Regime fundacional mercantiliza instituições do Ensino Superior
PS, PSD e CDS-PP inviabilizaram recentemente no Parlamento a proposta do PCP para revogar o regime fundacional no Ensino Superior.
O PCP opõe-se à mercantilização do saber e do ensino
Acabar com o regime de fundação de direito privado hoje permitido às universidades, defendendo em simultâneo um modelo de gestão democrática e um estatuto exclusivamente público para todas as instituições financiadas pelo Estado, eis o objectivo visado por esta iniciativa legislativa que, além do seu autor, contou com os votos favoráveis de PEV e BE (que também apresentou uma iniciativa sobre esta matéria), optando o PAN pela abstenção.
«A transformação das instituições em fundações – entidades públicas de direito privado – promove a desvinculação entre essas instituições e o Estado e a subversão do seu papel, enquanto espaços de criação e difusão livre do conhecimento», criticou a deputada comunista Ana Mesquita, para quem esta possibilidade aberta pelo RGIES é sinónimo de «mercantilização e de um caminho para a privatização, que já ocorre na prática em vários aspectos nas universidades-fundação».
Vários exemplos foram por si dados que ilustram esta realidade, desde o «aumento da precariedade e fragilização das relações de trabalho», passando pela «alienação de património e concessão de espaço público», até à «primazia dada aos privados no governo das instituições em detrimento da gestão democrática» ou à subjugação e condicionamento da liberdade científica e pedagógica e da verdadeira autonomia a interesses alheios às instituições.
Para o PCP, eliminar a figura das fundações do Regime Jurídico das instituições do ensino superior (RGIES) – regime criado há dez anos por imposição do governo de então e que é alvo desde a primeira hora da sua crítica cerrada, por entender que «acarretou um rude golpe na autonomia do Ensino Superior», como referiu Ana Mesquita –, é assim uma medida que corresponde à necessidade de «garantir a solidez, a qualidade e a democraticidade de todo o sistema público de Ensino Superior».
Simultaneamente, e tendo em mira uma «verdadeira autonomia das instituições na sua organização e gestão», a bancada comunista propôs a eliminação dos constrangimentos à contratação de docentes e não docentes, bem como a «participação e gestão democráticas exigidas pela Constituição», defendendo para o efeito o envolvimento de todos os intervenientes na vida da instituição e colocando em «paridade estudantes e docentes nos órgãos de governo e de gestão».

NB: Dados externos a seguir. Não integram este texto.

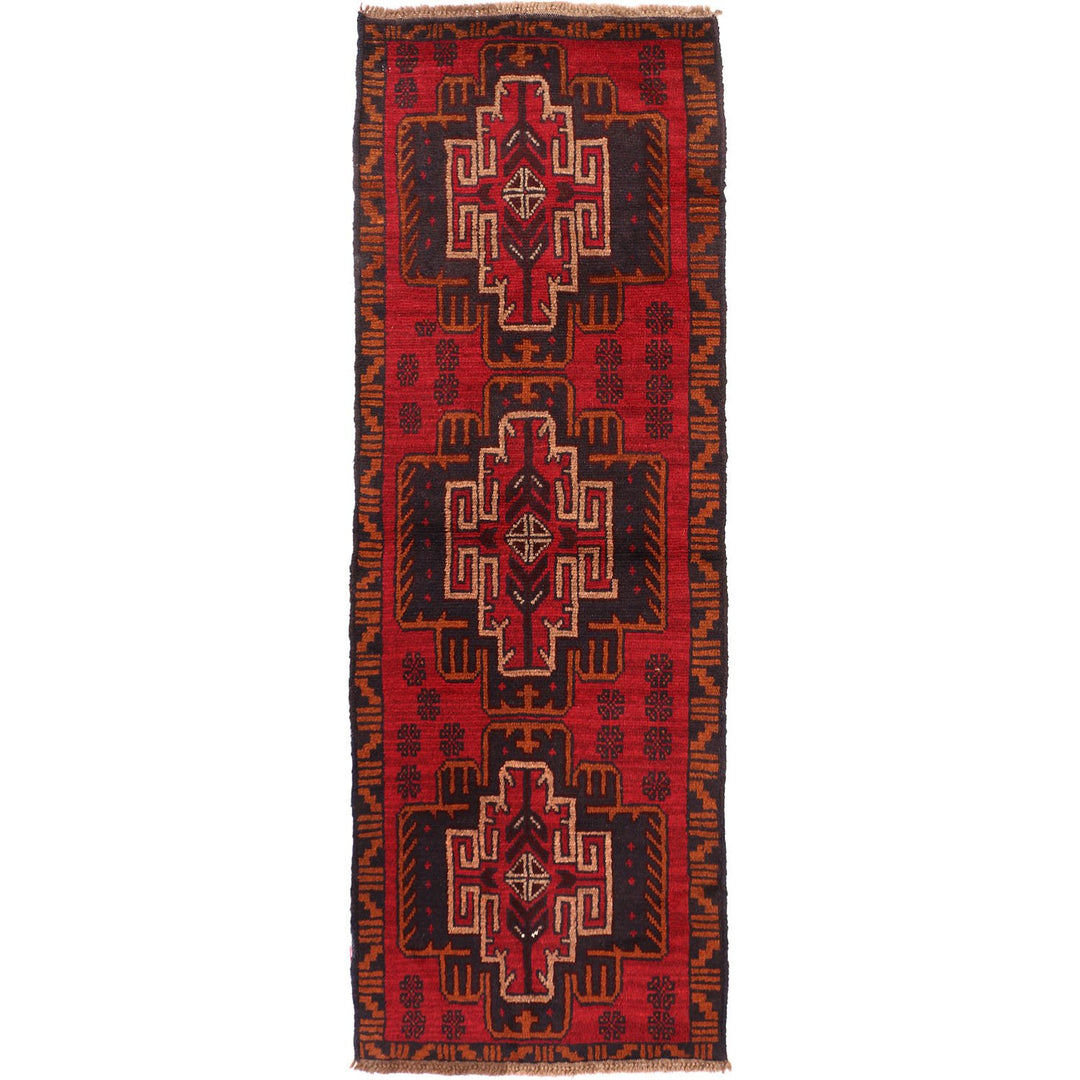 Baluchi Runner 2' 2 x 6' 5 (ft) - No. AL79550 - ALRUG Rug Store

A possibilidade de o Ensino Superior politécnico conferir o grau de doutor, o alargamento dos apoios a nível da acção social escolar e uma maior protecção dos trabalhadores-estudantes, são outras tantas medidas defendidas pelo PCP.
Um mau regime
Das bancadas à direita, contrastando com a rejeição do RJIES assumida aquando da sua aprovação há uma década, não veio qualquer reparo crítico substantivo quanto a este regime ou à criação das fundações que o mesmo veio admitir. «Temos vivido bem com ele», disse Nilza de Sena (PSD), enquanto Ana Rita Bessa (CDS-PP), anuindo à mesma ideia, defendeu que as «fundações têm funcionado bem», dizendo não perceber «qual o problema que o PCP quer resolver».
«Não se consegue comprovar que o RJIES é melhor, mas consegue-se provar que é pior para o desenvolvimento do País e para a emancipação individual e colectiva», contrapôs Ana Mesquita, antes de acusar PSD e CDS de terem agravado todos os problemas no capítulo da Educação, desde logo com os «cortes massivos no financiamento» ao Ensino Superior público, qualquer coisa como 300 milhões de euros entre 2010 e 2015.
À deputada do PSD, que dissera não fazer sentido revogar o RGIES ou extinguir o regime fundacional sem se fazer uma avaliação séria dos resultados, respondeu ainda Ana Mesquita sublinhando que o «balanço sobre a aplicação do RJIES está mais que feito, há a experiência no terreno da sua aplicação, o conhecimento da comunidade académica em relação às suas consequências».
Pela voz de Pedro Delgado Alves, o PS justificou o seu «não acompanhar» das iniciativas em debate argumentando que o balanço do RGIES é «globalmente positivo». Ressalvou, porém, que isso «não significa fechar a porta a alterações», admitindo mesmo que «algumas matérias» propostas «são valiosas e merecerão concordância noutro momento quando houver oportunidade em debate parlamentar e concluída a avaliação que está a decorrer».